Scegliere il silenzio e non sfuggire al destino
È il momento dell’Ucraina. Indubitabilmente per il Nobel a Svetlana Alexievich, dietro la quale ci sono voci di valore, alcune non ancora sbarcate in Italia, altre poco tradotte (un esempio è quello di Yuri Andrukhovych). Le eccezioni, di valore, sono rappresentate da Katja Petrowskaja, autrice di “Forse Esther” (Adelphi), e da Marija Matios, che sbarca in Italia grazie a una sigla editoriale di qualità come Keller. Tradotto da Francesca Fici, “Darusja la dolce” (215 pagine, 15,50 euro) di Marija Matios è un romanzo che colpisce al cuore per come racconta la Bucovina – angolo di mondo tra Ucraina e Romania martoriato dalla storia e dalle dittature, con frequenti modifiche dei confini – incarnata da Darusja, una giovane solitaria e silenziosa, presa in giro da chi vive nel suo minuscolo villaggio e la considera anche una svitata o, nella migliore delle ipotesi, una mezza scema.

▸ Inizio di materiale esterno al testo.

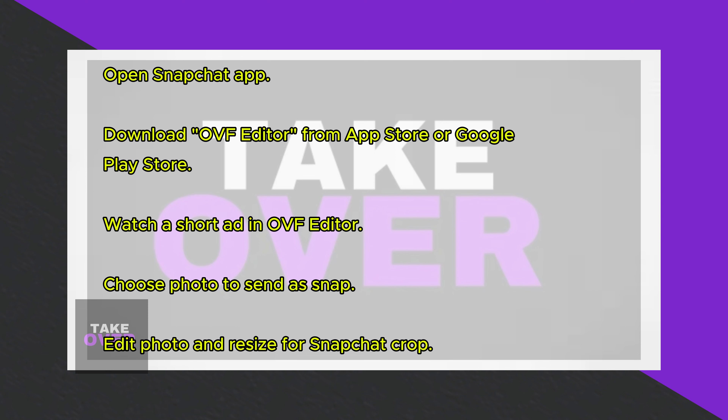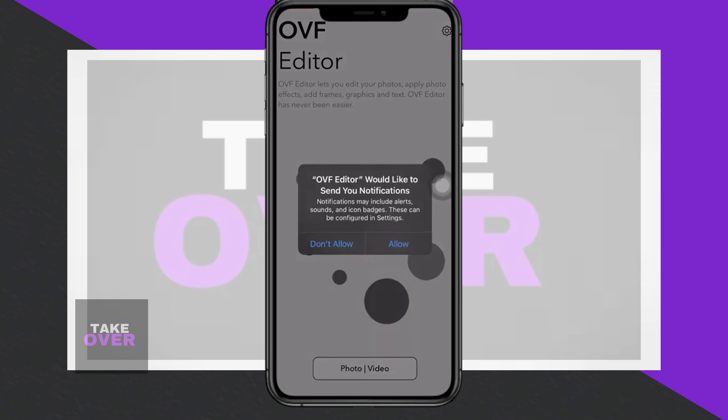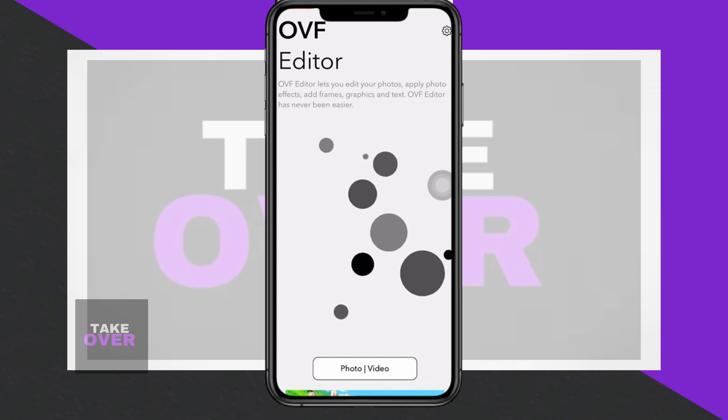Once downloaded, open the app and watch a short ad. Then choose the photo you want to send as a snap, edit the photo as desired, and click the check mark to proceed.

Non parla per scelta, Darusja, è il suo modo di
ribellarsi al mondo che periodicamente impone alla sua terra violenze e lingue
diverse; si scioglie solo, e poco, davanti alla tomba del padre, in un muto
dialogo senza interlocutore che però le dà pace. Come le darà pace e amore –
piccola parentesi di una vita disperata, idillio di meno di cinquanta pagine,
che sostituiscono la seconda parte del volume – cavandole anche una voce
dall’anima Ivan Cvyčok, musicista girovago, con cui vivrà una breve
tenera storia.
Darusja, le sue emicranie (nate al solo vedere
caramelle e che vanno via con un'immersione nell'acqua di qualche
fiumiciattolo) e il suo mondo – uno spazio rurale, sospeso nel tempo, almeno
fino alla parte finale del volume – sono raccontati con una sensibilità,
un’umanità e una scrittura lieve che fanno a pugni con i drammi che si
susseguono in un microcosmo esemplare di un mondo ormai inghiottito, stretto
fra alcune superpotenze tra le due guerre mondiali. La protagonista, tuttavia, non
riesce a sfuggire al proprio destino, all’eco della atroce tragedia che
colpisce i suoi genitori – prima Matronka, poi Michajlo – a un
dolore che si perpetua negli anni e sembra scontare sulla propria pelle. Una delle
due comari che sono la voce fuori campo del romanzo sintetizzano bene l'anima
di questa storia: «Ci ha pensato Iddio, a escogitare castighi per tutti».